INFORMATION SUPPLIED:
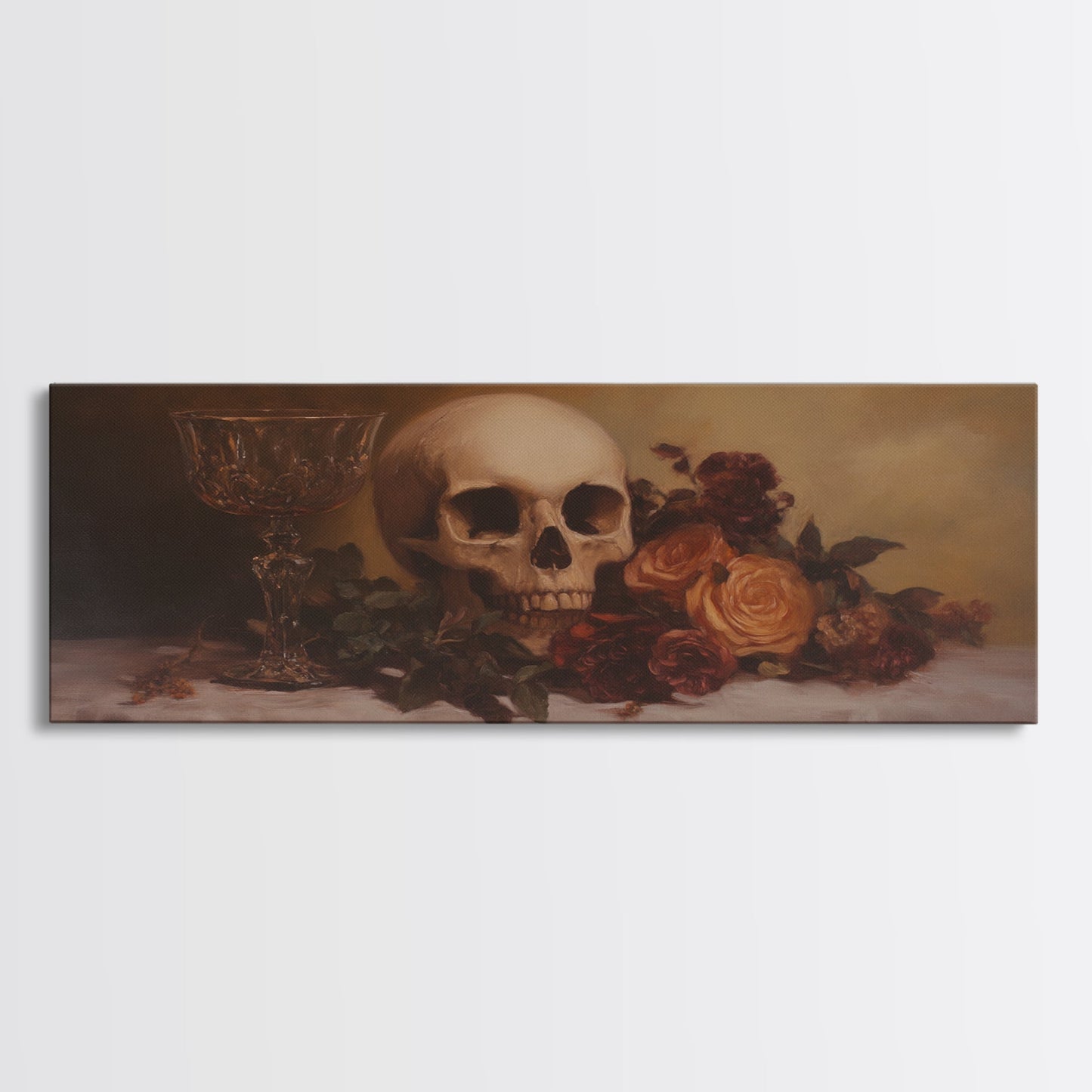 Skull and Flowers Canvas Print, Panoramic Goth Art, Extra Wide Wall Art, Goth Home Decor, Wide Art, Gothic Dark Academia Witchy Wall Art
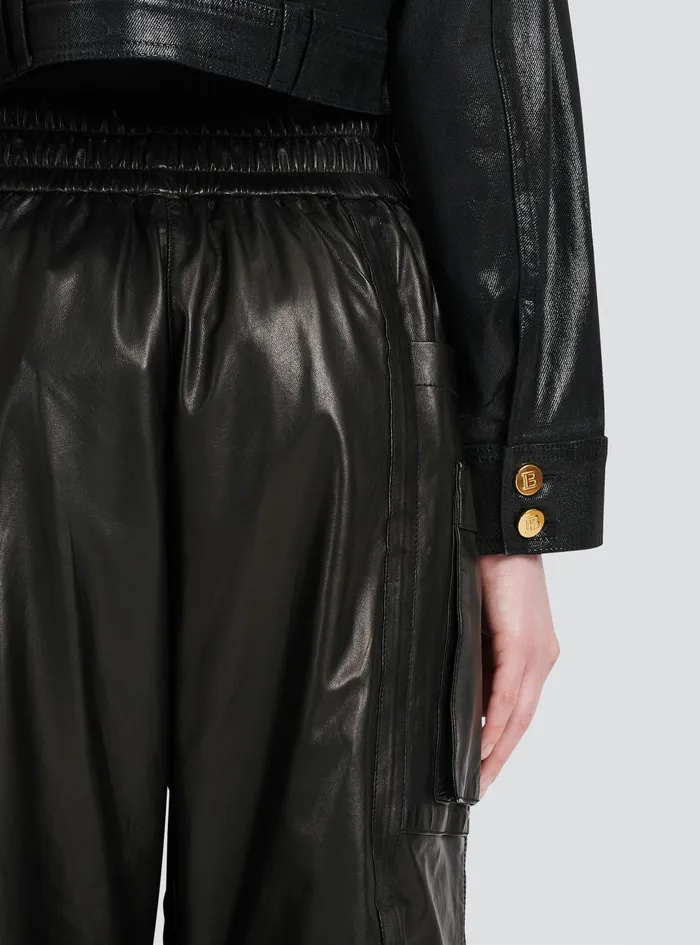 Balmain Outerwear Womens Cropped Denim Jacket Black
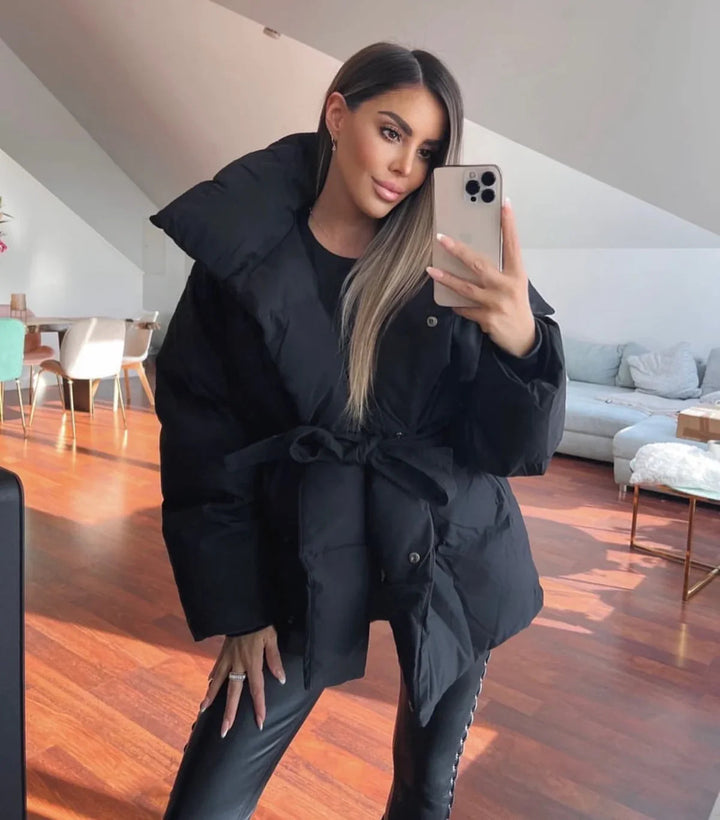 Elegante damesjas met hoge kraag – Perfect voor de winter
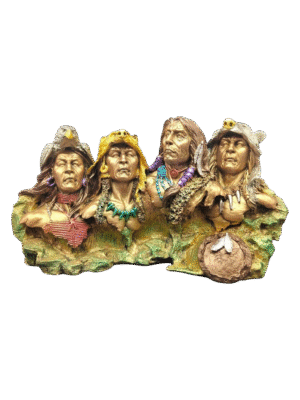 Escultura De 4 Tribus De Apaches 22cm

WORK ITEM:
Reproduce the entire listing exactly, except for any pictures it contains.

RESULT OF THIS TASK:
 Skull and Flowers Canvas Print, Panoramic Goth Art, Extra Wide Wall Art, Goth Home Decor, Wide Art, Gothic Dark Academia Witchy Wall Art
 Balmain Outerwear Womens Cropped Denim Jacket Black
 Elegante damesjas met hoge kraag – Perfect voor de winter
 Escultura De 4 Tribus De Apaches 22cm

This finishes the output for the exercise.